** Source data follows **

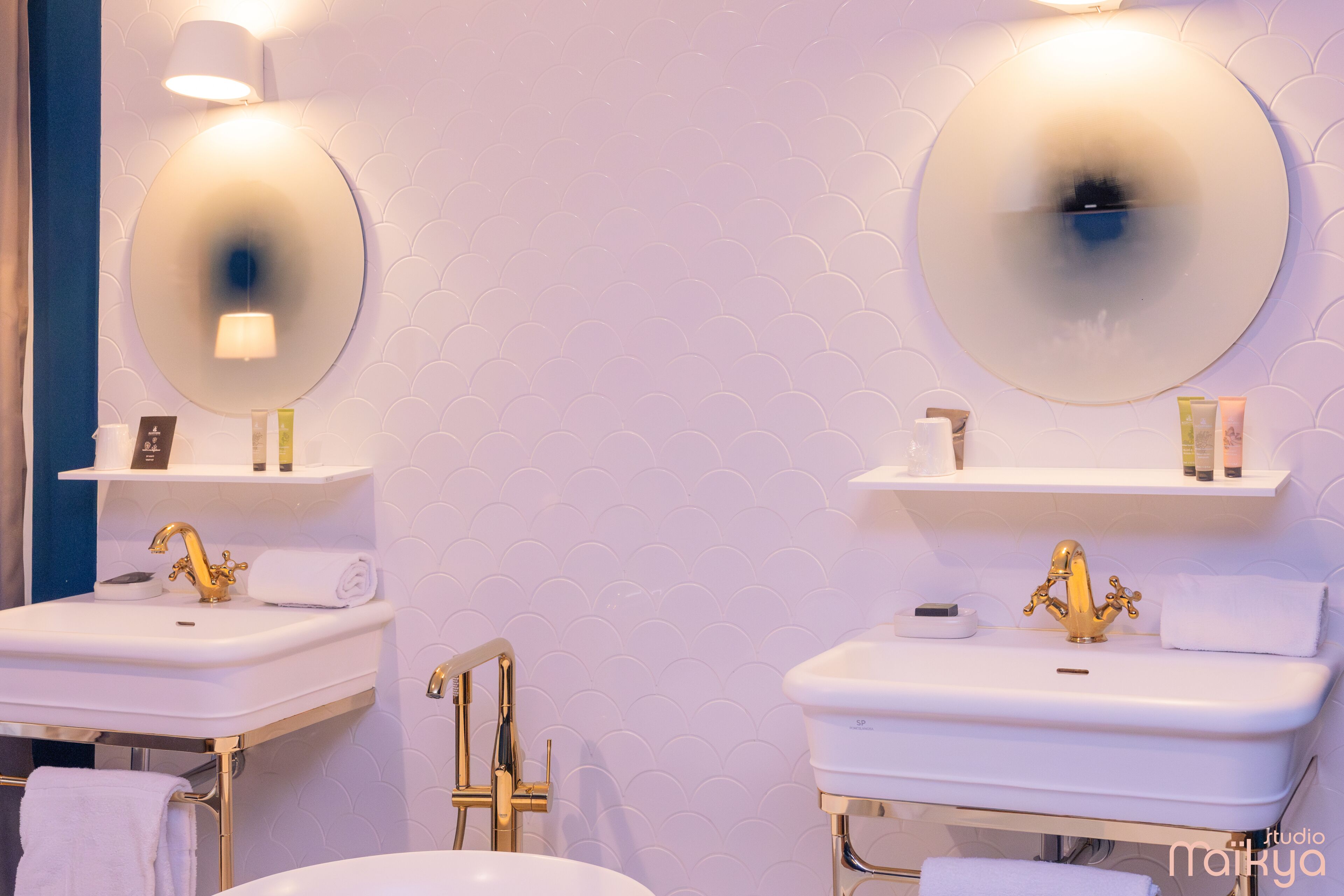 Baño con dos lavamanos, cada uno con grifo dorado y espejo encima. Hay repisas sobre los lavamanos con artículos de aseo.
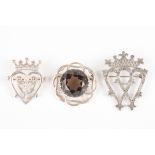 A group of three Scottish silver brooches
including an Iona pierced and engraved silver brooch and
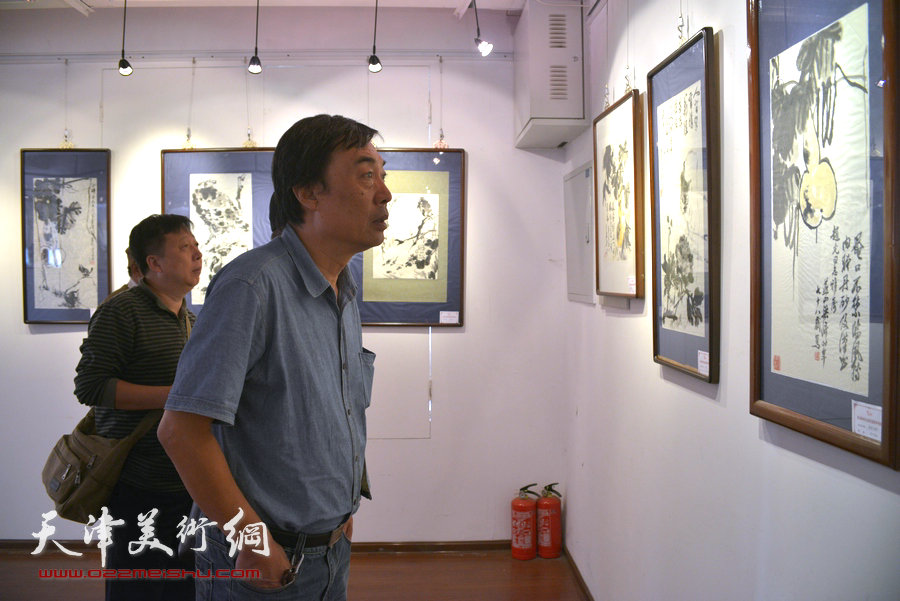 图为杜晓光观看梁崎先生精品书画展。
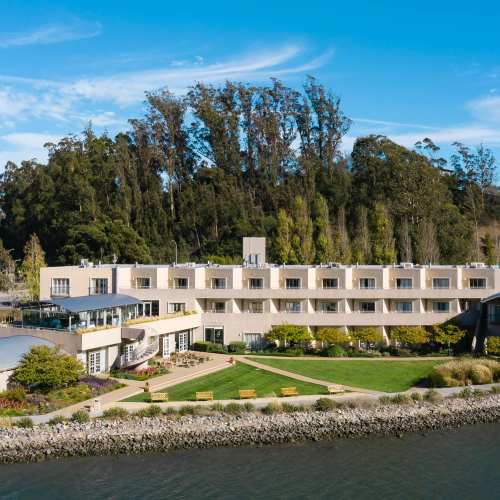 A waterfront hotel with a modern design, surrounded by greenery and trees, under a clear blue sky.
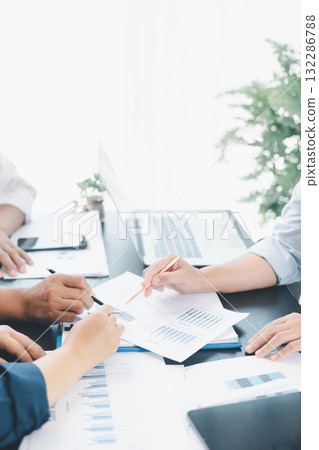 Business teamwork reviewing financial report with charts and graphs in modern office, colleagues discussing analysis, planning strategy, growth and corporate success with documents and technology. 132286788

** End of Source data **

→ **Work to be completed**
Leave out the images and copy all remaining data word for word.

→ **Response**
 Baño con dos lavamanos, cada uno con grifo dorado y espejo encima. Hay repisas sobre los lavamanos con artículos de aseo.
 A group of three Scottish silver brooches
including an Iona pierced and engraved silver brooch and
 图为杜晓光观看梁崎先生精品书画展。
 A waterfront hotel with a modern design, surrounded by greenery and trees, under a clear blue sky.
 Business teamwork reviewing financial report with charts and graphs in modern office, colleagues discussing analysis, planning strategy, growth and corporate success with documents and technology. 132286788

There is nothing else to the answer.